▶ _What you will do_:
Nothing outside the stretch is wanted. Repeat exactly the lines of the listing below from the one that contains "STAUB Cocotte Fonte" through the one that contains "Nike Phantom GX", both ends included.

▶ _Input for this task_:
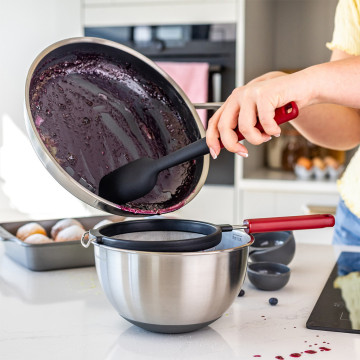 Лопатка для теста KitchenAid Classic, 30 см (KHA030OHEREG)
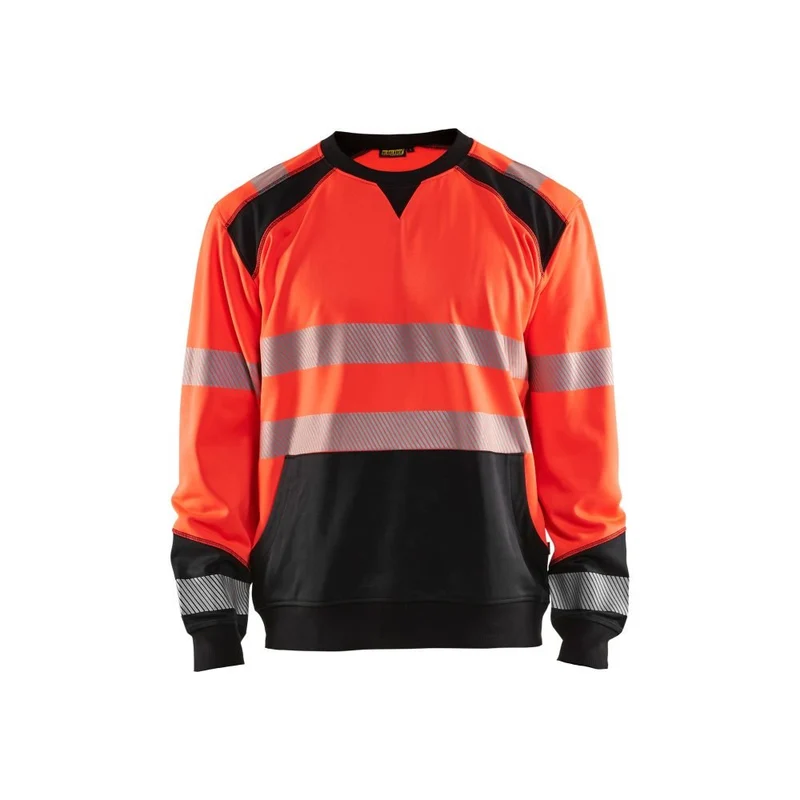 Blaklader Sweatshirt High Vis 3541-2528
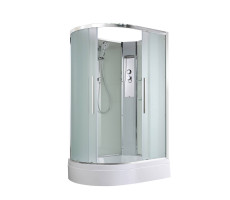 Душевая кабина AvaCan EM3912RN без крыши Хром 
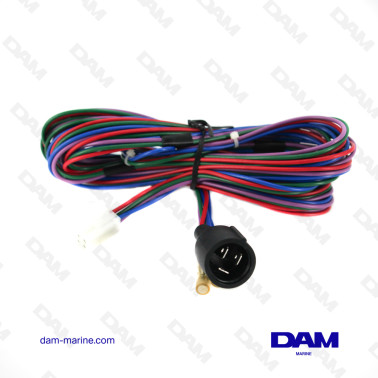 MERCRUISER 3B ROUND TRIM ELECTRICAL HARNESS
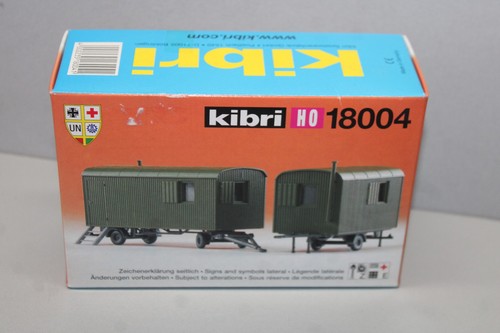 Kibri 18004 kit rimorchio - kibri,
...
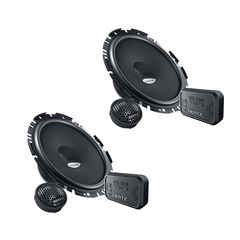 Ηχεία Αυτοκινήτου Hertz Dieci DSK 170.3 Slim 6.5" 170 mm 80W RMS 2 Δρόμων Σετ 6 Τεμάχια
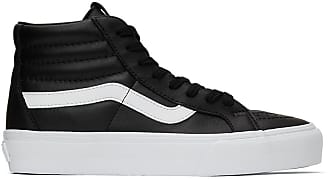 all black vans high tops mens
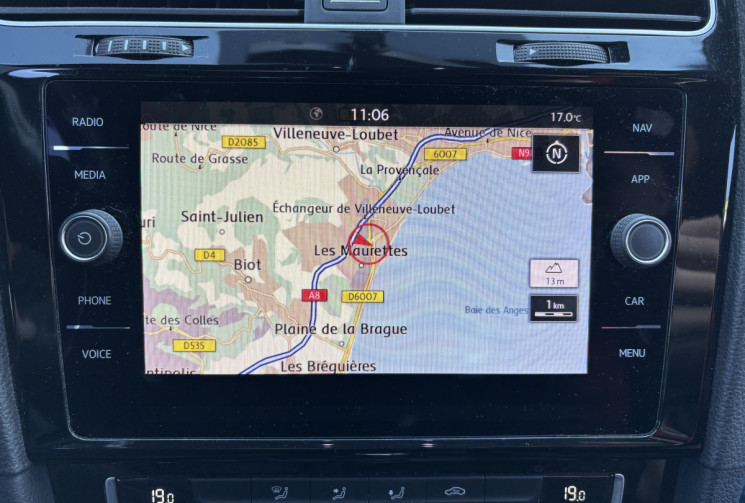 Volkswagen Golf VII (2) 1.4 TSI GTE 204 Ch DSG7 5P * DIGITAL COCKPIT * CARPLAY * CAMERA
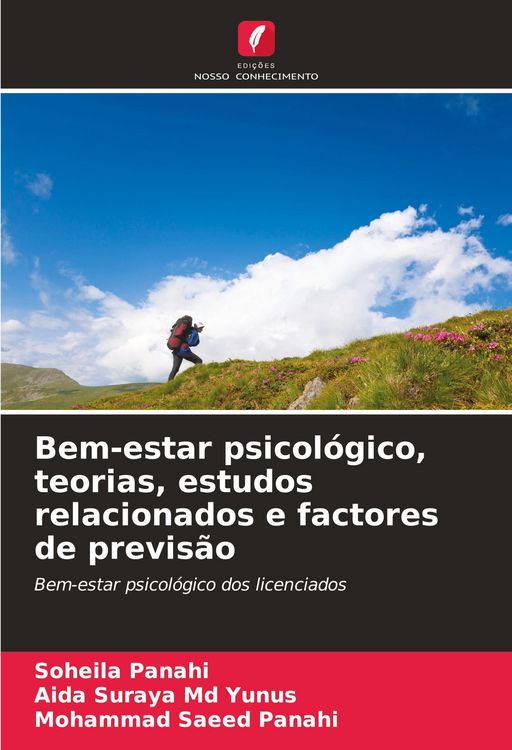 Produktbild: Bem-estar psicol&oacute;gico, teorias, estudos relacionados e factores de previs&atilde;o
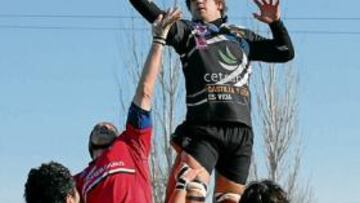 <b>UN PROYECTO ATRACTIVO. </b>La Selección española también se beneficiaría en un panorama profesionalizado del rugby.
---
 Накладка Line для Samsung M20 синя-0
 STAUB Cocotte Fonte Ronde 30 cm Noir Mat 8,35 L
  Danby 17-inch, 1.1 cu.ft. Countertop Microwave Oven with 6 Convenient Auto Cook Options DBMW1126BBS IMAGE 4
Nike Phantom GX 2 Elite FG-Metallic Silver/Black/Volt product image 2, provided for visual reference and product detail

▶ _Final answer_:
 STAUB Cocotte Fonte Ronde 30 cm Noir Mat 8,35 L
  Danby 17-inch, 1.1 cu.ft. Countertop Microwave Oven with 6 Convenient Auto Cook Options DBMW1126BBS IMAGE 4
Nike Phantom GX 2 Elite FG-Metallic Silver/Black/Volt product image 2, provided for visual reference and product detail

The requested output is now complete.